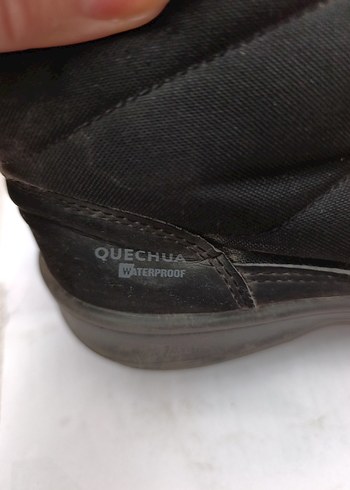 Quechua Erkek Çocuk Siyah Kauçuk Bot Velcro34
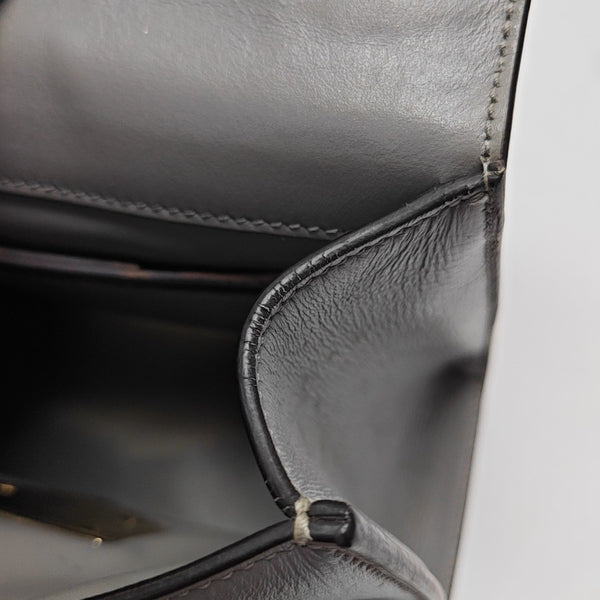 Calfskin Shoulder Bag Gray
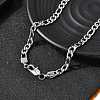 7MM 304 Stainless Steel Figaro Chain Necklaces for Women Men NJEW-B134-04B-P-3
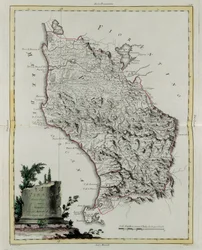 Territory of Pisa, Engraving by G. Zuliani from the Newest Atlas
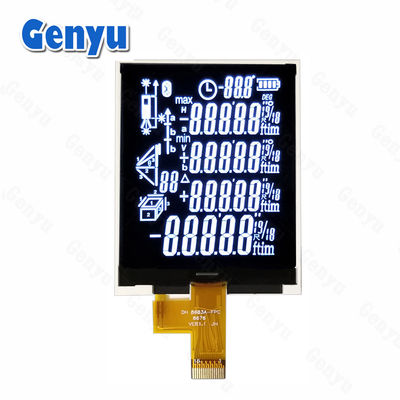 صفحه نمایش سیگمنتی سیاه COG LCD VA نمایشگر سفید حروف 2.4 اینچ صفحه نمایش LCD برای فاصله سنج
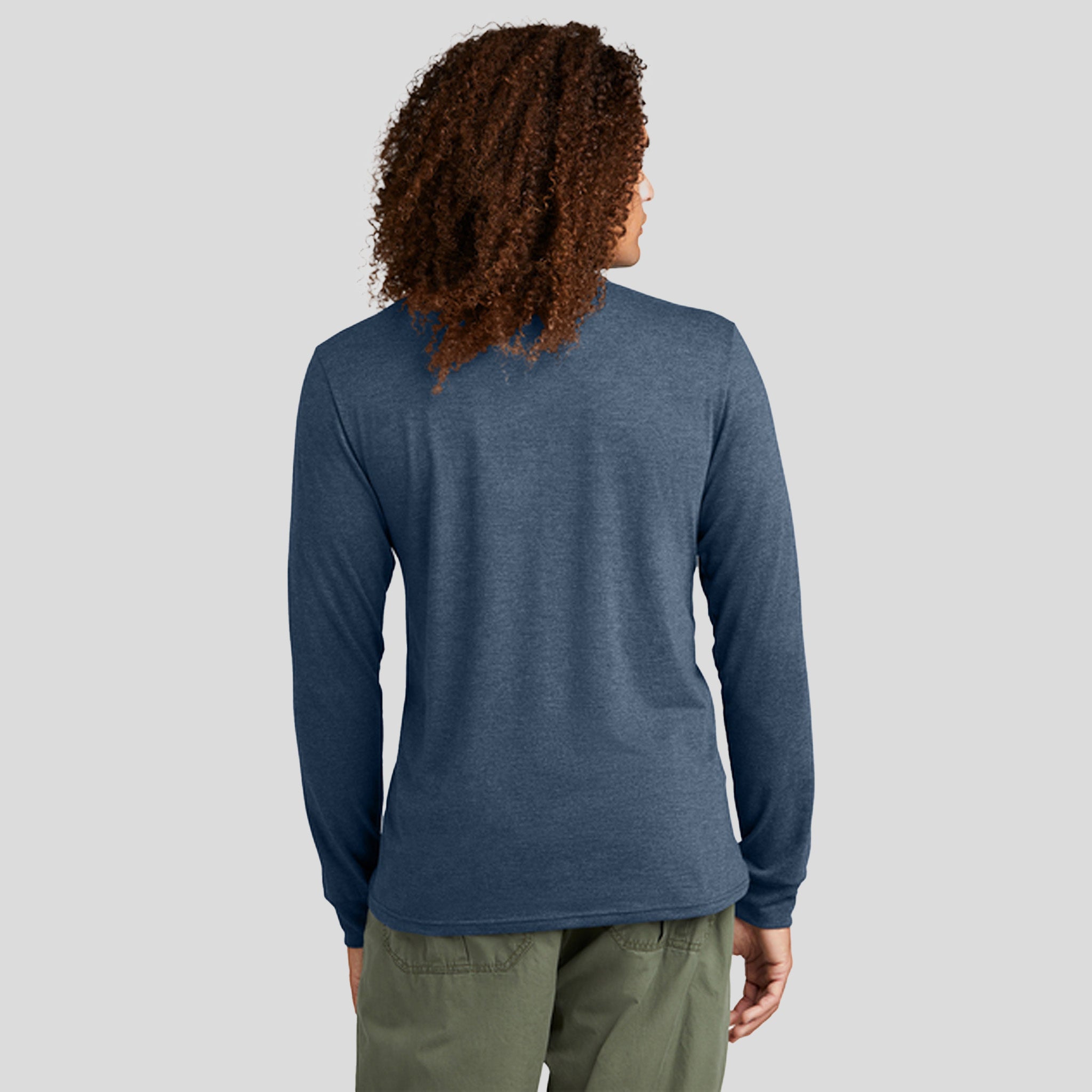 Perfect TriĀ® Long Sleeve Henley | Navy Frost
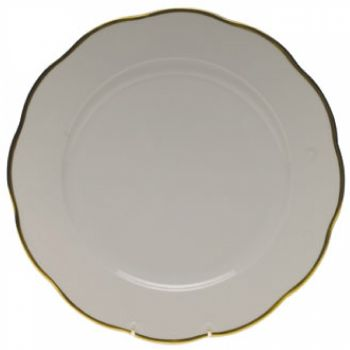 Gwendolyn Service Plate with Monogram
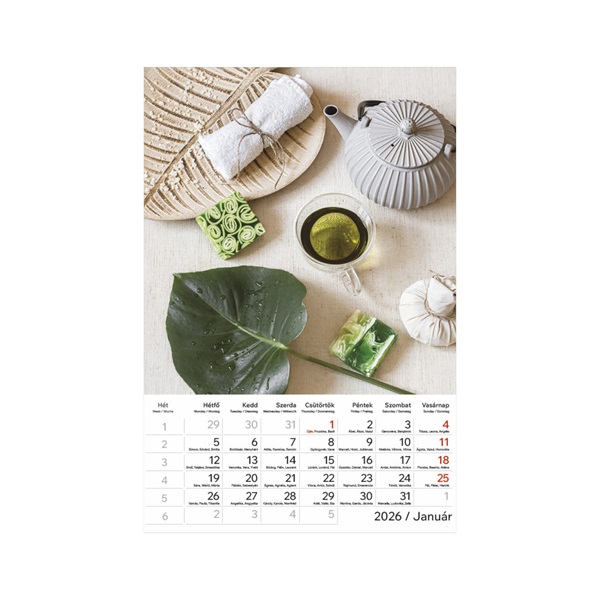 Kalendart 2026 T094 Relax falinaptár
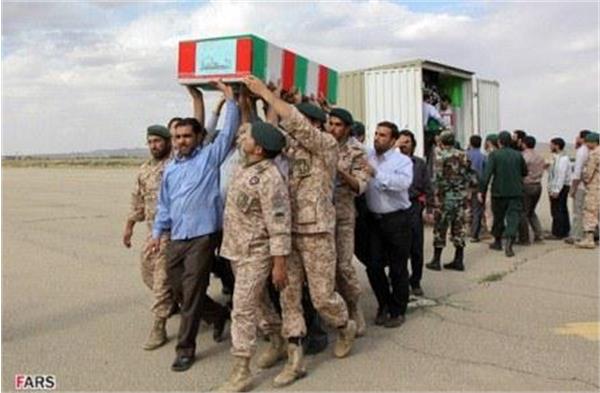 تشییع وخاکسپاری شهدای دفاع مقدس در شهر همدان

◆ ◆ ◆

Restate the data word for word and exclude every picture.

Answer box ▸
 Quechua Erkek Çocuk Siyah Kauçuk Bot Velcro34
 Calfskin Shoulder Bag Gray
 7MM 304 Stainless Steel Figaro Chain Necklaces for Women Men NJEW-B134-04B-P-3
 Territory of Pisa, Engraving by G. Zuliani from the Newest Atlas
 صفحه نمایش سیگمنتی سیاه COG LCD VA نمایشگر سفید حروف 2.4 اینچ صفحه نمایش LCD برای فاصله سنج
 Perfect TriĀ® Long Sleeve Henley | Navy Frost
 Gwendolyn Service Plate with Monogram
 Kalendart 2026 T094 Relax falinaptár
 تشییع وخاکسپاری شهدای دفاع مقدس در شهر همدان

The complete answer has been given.